> _Assignment_:
Look below for the line that has "1080 NW 132nd"; output exactly from it through the line that has "Enge Buren op", and leave the pictures out.

******************************

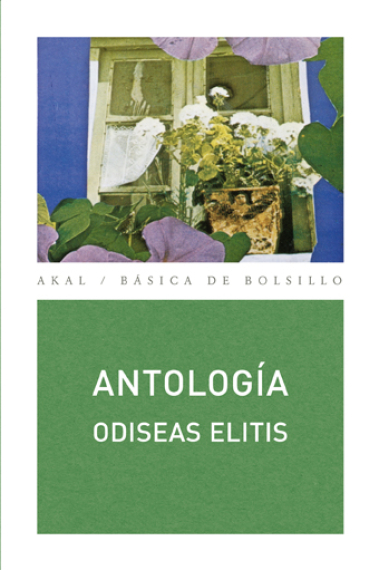 Antología. Odisesas Elitis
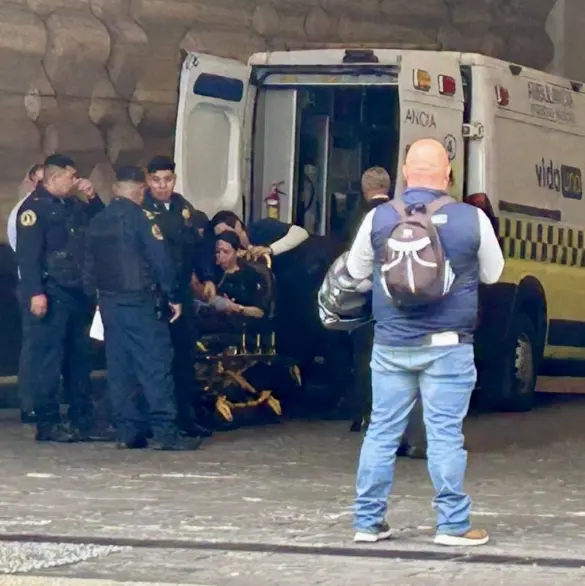 Posible intoxicación masiva en hotel de lujo en Paseo de la Reforma en CDMX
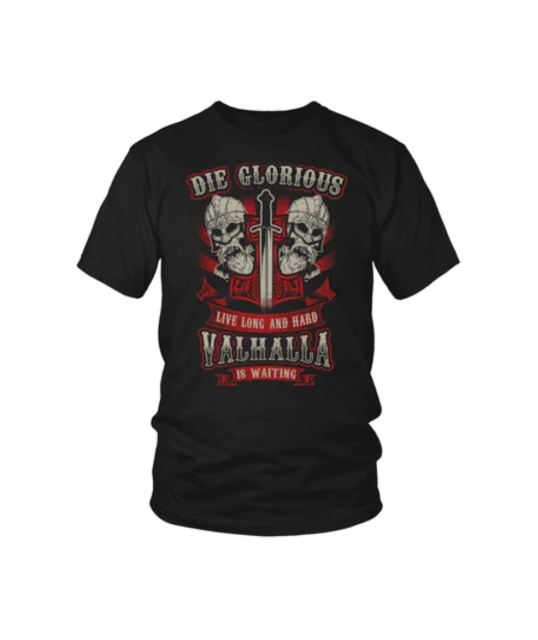 T Shirt Viking Victory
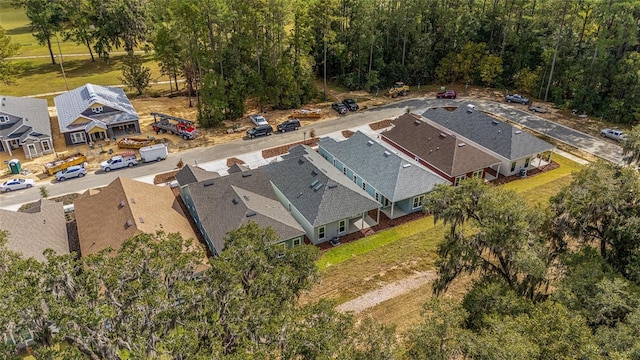 1080 NW 132nd Blvd, Newberry, FL 32669 - aerial view of residential area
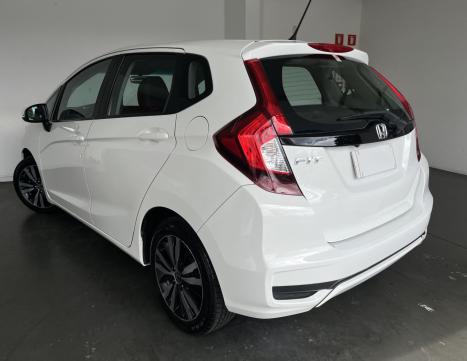HONDA Fit 1.5 16V 4P EXL FLEX AUTOM�TICO, Foto 3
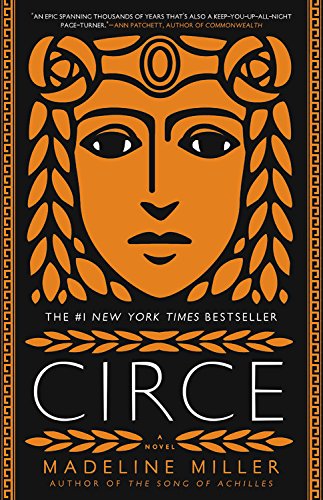 book cover: Circe
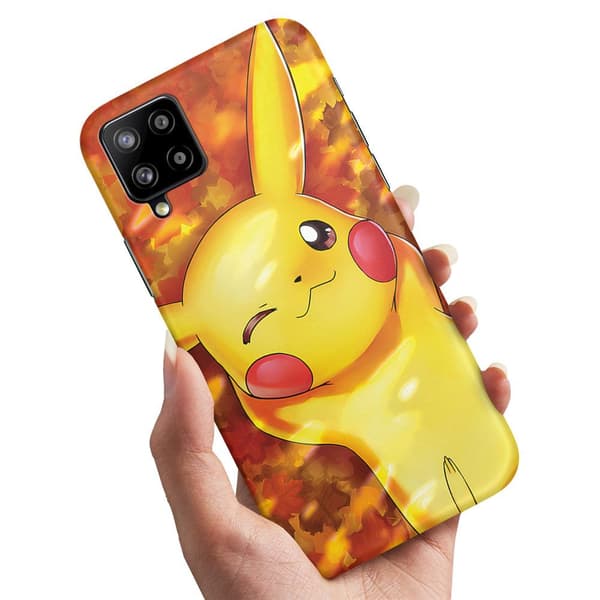 Samsung Galaxy A12 - Kuoret/Suojakuori Pokemon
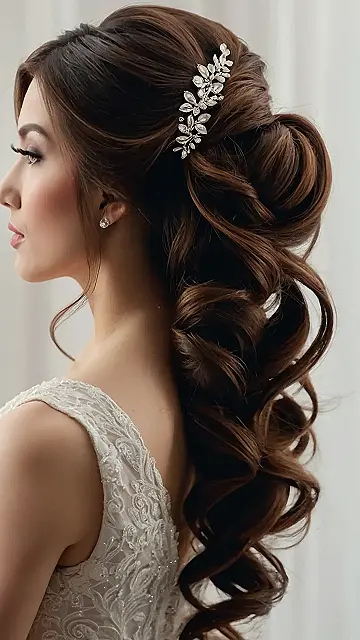 Effortless Bridal Elegance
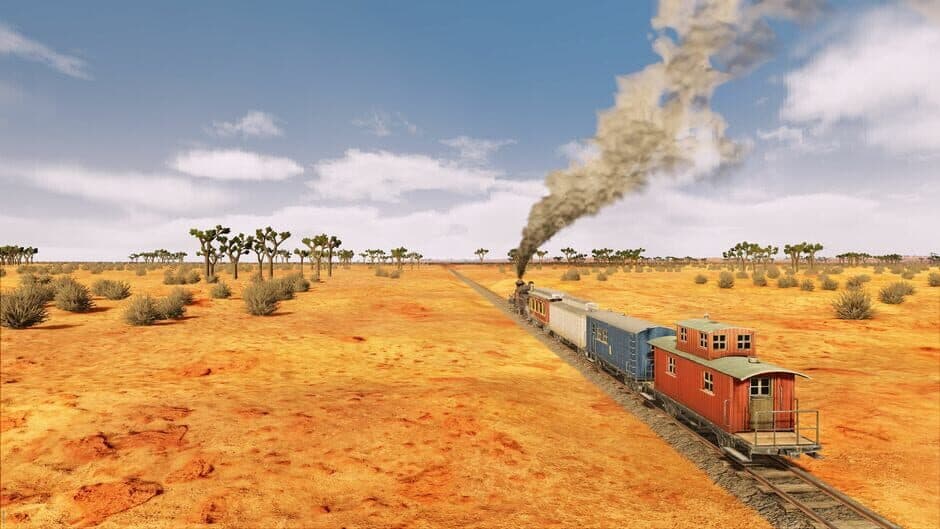 Railway Empire: Down Under screenshot 5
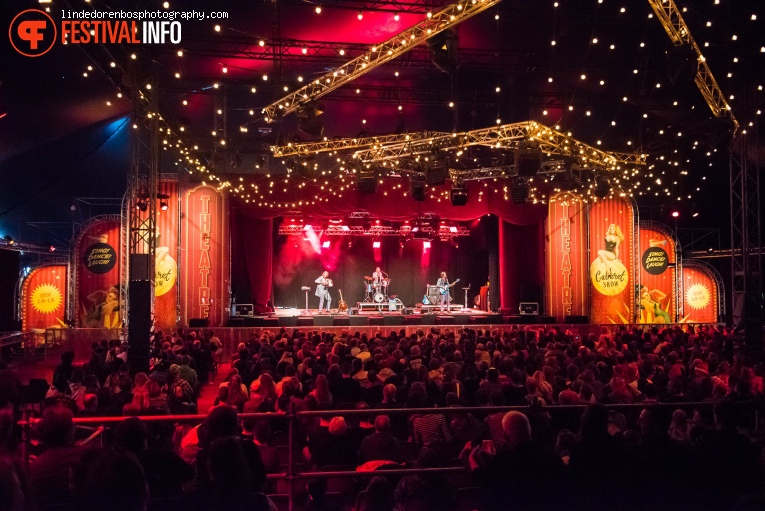 Enge Buren op Paaspop Schijndel 2017 - Zaterdag foto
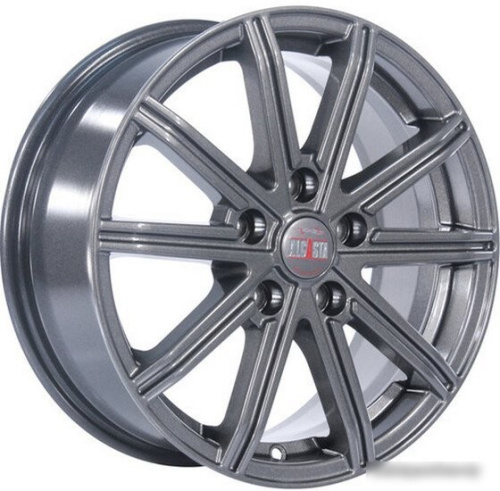 Alcasta M64 17x7" 5x108мм DIA 65.1мм ET 43мм Graphite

******************************

> _Task output_:
 1080 NW 132nd Blvd, Newberry, FL 32669 - aerial view of residential area
HONDA Fit 1.5 16V 4P EXL FLEX AUTOM�TICO, Foto 3
 book cover: Circe
 Samsung Galaxy A12 - Kuoret/Suojakuori Pokemon
 Effortless Bridal Elegance
 Railway Empire: Down Under screenshot 5
 Enge Buren op Paaspop Schijndel 2017 - Zaterdag foto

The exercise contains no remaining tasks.